## [Exercise brief]
Nothing should differ between your output and the entries below.
________________________
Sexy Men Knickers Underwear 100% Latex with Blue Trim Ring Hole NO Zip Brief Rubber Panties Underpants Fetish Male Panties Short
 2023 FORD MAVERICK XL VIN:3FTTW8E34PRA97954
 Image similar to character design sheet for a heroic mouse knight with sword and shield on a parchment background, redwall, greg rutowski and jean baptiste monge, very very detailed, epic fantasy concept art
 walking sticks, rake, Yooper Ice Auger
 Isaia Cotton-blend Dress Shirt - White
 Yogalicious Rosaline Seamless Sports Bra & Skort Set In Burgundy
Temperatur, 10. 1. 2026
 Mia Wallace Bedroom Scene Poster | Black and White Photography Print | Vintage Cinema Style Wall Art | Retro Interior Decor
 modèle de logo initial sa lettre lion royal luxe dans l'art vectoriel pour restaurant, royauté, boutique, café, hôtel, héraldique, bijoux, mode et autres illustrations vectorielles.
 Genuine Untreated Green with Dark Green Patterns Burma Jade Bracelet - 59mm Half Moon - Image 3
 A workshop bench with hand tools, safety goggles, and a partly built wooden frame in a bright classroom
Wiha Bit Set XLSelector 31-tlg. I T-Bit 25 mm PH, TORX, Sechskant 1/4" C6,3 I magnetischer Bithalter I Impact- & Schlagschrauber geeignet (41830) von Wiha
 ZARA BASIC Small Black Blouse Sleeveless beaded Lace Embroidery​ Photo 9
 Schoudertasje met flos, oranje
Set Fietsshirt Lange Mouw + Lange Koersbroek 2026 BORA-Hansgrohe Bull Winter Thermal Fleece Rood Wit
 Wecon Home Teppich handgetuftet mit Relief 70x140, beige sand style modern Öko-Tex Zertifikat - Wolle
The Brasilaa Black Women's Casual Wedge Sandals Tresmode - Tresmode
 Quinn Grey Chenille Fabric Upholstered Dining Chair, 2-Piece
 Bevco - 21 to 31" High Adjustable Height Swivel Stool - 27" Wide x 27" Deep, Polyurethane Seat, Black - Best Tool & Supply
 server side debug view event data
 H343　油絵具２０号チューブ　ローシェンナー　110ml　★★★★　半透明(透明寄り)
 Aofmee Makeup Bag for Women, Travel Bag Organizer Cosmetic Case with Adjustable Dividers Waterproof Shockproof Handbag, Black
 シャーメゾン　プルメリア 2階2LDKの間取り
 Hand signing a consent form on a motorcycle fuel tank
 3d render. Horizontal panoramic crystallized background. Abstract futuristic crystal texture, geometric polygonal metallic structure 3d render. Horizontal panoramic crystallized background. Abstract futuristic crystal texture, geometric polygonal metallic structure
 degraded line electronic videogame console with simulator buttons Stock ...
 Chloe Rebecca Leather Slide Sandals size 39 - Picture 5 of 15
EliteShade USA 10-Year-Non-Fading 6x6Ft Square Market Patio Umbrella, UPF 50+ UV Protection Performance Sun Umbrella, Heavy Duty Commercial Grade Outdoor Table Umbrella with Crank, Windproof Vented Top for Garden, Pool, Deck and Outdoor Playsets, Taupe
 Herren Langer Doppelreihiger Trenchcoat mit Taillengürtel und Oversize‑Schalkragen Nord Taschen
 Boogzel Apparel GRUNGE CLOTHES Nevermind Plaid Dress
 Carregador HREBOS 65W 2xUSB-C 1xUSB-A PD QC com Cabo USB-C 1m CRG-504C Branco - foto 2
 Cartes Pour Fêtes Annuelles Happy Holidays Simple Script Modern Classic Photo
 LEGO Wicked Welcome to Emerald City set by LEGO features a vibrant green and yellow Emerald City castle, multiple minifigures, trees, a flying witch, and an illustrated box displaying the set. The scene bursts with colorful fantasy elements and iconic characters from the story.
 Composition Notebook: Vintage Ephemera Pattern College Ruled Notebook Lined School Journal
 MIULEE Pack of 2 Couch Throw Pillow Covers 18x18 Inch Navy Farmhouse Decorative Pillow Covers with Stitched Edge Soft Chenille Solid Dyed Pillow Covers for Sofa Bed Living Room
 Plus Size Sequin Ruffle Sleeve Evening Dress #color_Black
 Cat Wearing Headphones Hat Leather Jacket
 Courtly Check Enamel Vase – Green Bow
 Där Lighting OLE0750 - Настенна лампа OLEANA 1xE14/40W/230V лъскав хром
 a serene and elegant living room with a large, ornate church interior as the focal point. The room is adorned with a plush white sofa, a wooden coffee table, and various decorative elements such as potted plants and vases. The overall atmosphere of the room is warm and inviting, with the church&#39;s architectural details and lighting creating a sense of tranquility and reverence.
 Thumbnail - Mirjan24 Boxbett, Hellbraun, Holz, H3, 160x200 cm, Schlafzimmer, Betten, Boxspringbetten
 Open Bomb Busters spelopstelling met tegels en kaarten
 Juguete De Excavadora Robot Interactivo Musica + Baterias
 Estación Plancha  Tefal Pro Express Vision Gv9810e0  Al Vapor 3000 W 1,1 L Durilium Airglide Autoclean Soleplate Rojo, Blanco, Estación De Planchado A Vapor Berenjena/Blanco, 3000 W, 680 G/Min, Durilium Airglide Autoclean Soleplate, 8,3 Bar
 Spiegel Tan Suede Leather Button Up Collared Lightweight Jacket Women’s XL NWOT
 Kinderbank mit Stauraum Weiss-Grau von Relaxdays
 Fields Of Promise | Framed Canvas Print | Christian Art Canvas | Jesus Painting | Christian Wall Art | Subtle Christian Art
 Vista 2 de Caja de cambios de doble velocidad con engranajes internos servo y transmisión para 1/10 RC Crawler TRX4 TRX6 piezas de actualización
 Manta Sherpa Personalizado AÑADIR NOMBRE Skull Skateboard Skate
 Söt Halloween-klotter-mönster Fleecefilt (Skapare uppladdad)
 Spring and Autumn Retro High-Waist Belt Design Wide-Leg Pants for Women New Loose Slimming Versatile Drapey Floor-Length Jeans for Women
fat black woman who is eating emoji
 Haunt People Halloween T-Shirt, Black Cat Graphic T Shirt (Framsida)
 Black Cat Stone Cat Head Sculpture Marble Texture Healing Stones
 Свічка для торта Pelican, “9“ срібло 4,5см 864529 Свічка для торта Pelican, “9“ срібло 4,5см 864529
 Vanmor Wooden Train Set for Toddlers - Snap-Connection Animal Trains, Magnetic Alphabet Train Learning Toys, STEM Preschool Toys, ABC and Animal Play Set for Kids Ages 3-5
________________________
## [Exercise output]
Sexy Men Knickers Underwear 100% Latex with Blue Trim Ring Hole NO Zip Brief Rubber Panties Underpants Fetish Male Panties Short
 2023 FORD MAVERICK XL VIN:3FTTW8E34PRA97954
 Image similar to character design sheet for a heroic mouse knight with sword and shield on a parchment background, redwall, greg rutowski and jean baptiste monge, very very detailed, epic fantasy concept art
 walking sticks, rake, Yooper Ice Auger
 Isaia Cotton-blend Dress Shirt - White
 Yogalicious Rosaline Seamless Sports Bra & Skort Set In Burgundy
Temperatur, 10. 1. 2026
 Mia Wallace Bedroom Scene Poster | Black and White Photography Print | Vintage Cinema Style Wall Art | Retro Interior Decor
 modèle de logo initial sa lettre lion royal luxe dans l'art vectoriel pour restaurant, royauté, boutique, café, hôtel, héraldique, bijoux, mode et autres illustrations vectorielles.
 Genuine Untreated Green with Dark Green Patterns Burma Jade Bracelet - 59mm Half Moon - Image 3
 A workshop bench with hand tools, safety goggles, and a partly built wooden frame in a bright classroom
Wiha Bit Set XLSelector 31-tlg. I T-Bit 25 mm PH, TORX, Sechskant 1/4" C6,3 I magnetischer Bithalter I Impact- & Schlagschrauber geeignet (41830) von Wiha
 ZARA BASIC Small Black Blouse Sleeveless beaded Lace Embroidery​ Photo 9
 Schoudertasje met flos, oranje
Set Fietsshirt Lange Mouw + Lange Koersbroek 2026 BORA-Hansgrohe Bull Winter Thermal Fleece Rood Wit
 Wecon Home Teppich handgetuftet mit Relief 70x140, beige sand style modern Öko-Tex Zertifikat - Wolle
The Brasilaa Black Women's Casual Wedge Sandals Tresmode - Tresmode
 Quinn Grey Chenille Fabric Upholstered Dining Chair, 2-Piece
 Bevco - 21 to 31" High Adjustable Height Swivel Stool - 27" Wide x 27" Deep, Polyurethane Seat, Black - Best Tool & Supply
 server side debug view event data
 H343　油絵具２０号チューブ　ローシェンナー　110ml　★★★★　半透明(透明寄り)
 Aofmee Makeup Bag for Women, Travel Bag Organizer Cosmetic Case with Adjustable Dividers Waterproof Shockproof Handbag, Black
 シャーメゾン　プルメリア 2階2LDKの間取り
 Hand signing a consent form on a motorcycle fuel tank
 3d render. Horizontal panoramic crystallized background. Abstract futuristic crystal texture, geometric polygonal metallic structure 3d render. Horizontal panoramic crystallized background. Abstract futuristic crystal texture, geometric polygonal metallic structure
 degraded line electronic videogame console with simulator buttons Stock ...
 Chloe Rebecca Leather Slide Sandals size 39 - Picture 5 of 15
EliteShade USA 10-Year-Non-Fading 6x6Ft Square Market Patio Umbrella, UPF 50+ UV Protection Performance Sun Umbrella, Heavy Duty Commercial Grade Outdoor Table Umbrella with Crank, Windproof Vented Top for Garden, Pool, Deck and Outdoor Playsets, Taupe
 Herren Langer Doppelreihiger Trenchcoat mit Taillengürtel und Oversize‑Schalkragen Nord Taschen
 Boogzel Apparel GRUNGE CLOTHES Nevermind Plaid Dress
 Carregador HREBOS 65W 2xUSB-C 1xUSB-A PD QC com Cabo USB-C 1m CRG-504C Branco - foto 2
 Cartes Pour Fêtes Annuelles Happy Holidays Simple Script Modern Classic Photo
 LEGO Wicked Welcome to Emerald City set by LEGO features a vibrant green and yellow Emerald City castle, multiple minifigures, trees, a flying witch, and an illustrated box displaying the set. The scene bursts with colorful fantasy elements and iconic characters from the story.
 Composition Notebook: Vintage Ephemera Pattern College Ruled Notebook Lined School Journal
 MIULEE Pack of 2 Couch Throw Pillow Covers 18x18 Inch Navy Farmhouse Decorative Pillow Covers with Stitched Edge Soft Chenille Solid Dyed Pillow Covers for Sofa Bed Living Room
 Plus Size Sequin Ruffle Sleeve Evening Dress #color_Black
 Cat Wearing Headphones Hat Leather Jacket
 Courtly Check Enamel Vase – Green Bow
 Där Lighting OLE0750 - Настенна лампа OLEANA 1xE14/40W/230V лъскав хром
 a serene and elegant living room with a large, ornate church interior as the focal point. The room is adorned with a plush white sofa, a wooden coffee table, and various decorative elements such as potted plants and vases. The overall atmosphere of the room is warm and inviting, with the church&#39;s architectural details and lighting creating a sense of tranquility and reverence.
 Thumbnail - Mirjan24 Boxbett, Hellbraun, Holz, H3, 160x200 cm, Schlafzimmer, Betten, Boxspringbetten
 Open Bomb Busters spelopstelling met tegels en kaarten
 Juguete De Excavadora Robot Interactivo Musica + Baterias
 Estación Plancha  Tefal Pro Express Vision Gv9810e0  Al Vapor 3000 W 1,1 L Durilium Airglide Autoclean Soleplate Rojo, Blanco, Estación De Planchado A Vapor Berenjena/Blanco, 3000 W, 680 G/Min, Durilium Airglide Autoclean Soleplate, 8,3 Bar
 Spiegel Tan Suede Leather Button Up Collared Lightweight Jacket Women’s XL NWOT
 Kinderbank mit Stauraum Weiss-Grau von Relaxdays
 Fields Of Promise | Framed Canvas Print | Christian Art Canvas | Jesus Painting | Christian Wall Art | Subtle Christian Art
 Vista 2 de Caja de cambios de doble velocidad con engranajes internos servo y transmisión para 1/10 RC Crawler TRX4 TRX6 piezas de actualización
 Manta Sherpa Personalizado AÑADIR NOMBRE Skull Skateboard Skate
 Söt Halloween-klotter-mönster Fleecefilt (Skapare uppladdad)
 Spring and Autumn Retro High-Waist Belt Design Wide-Leg Pants for Women New Loose Slimming Versatile Drapey Floor-Length Jeans for Women
fat black woman who is eating emoji
 Haunt People Halloween T-Shirt, Black Cat Graphic T Shirt (Framsida)
 Black Cat Stone Cat Head Sculpture Marble Texture Healing Stones
 Свічка для торта Pelican, “9“ срібло 4,5см 864529 Свічка для торта Pelican, “9“ срібло 4,5см 864529
 Vanmor Wooden Train Set for Toddlers - Snap-Connection Animal Trains, Magnetic Alphabet Train Learning Toys, STEM Preschool Toys, ABC and Animal Play Set for Kids Ages 3-5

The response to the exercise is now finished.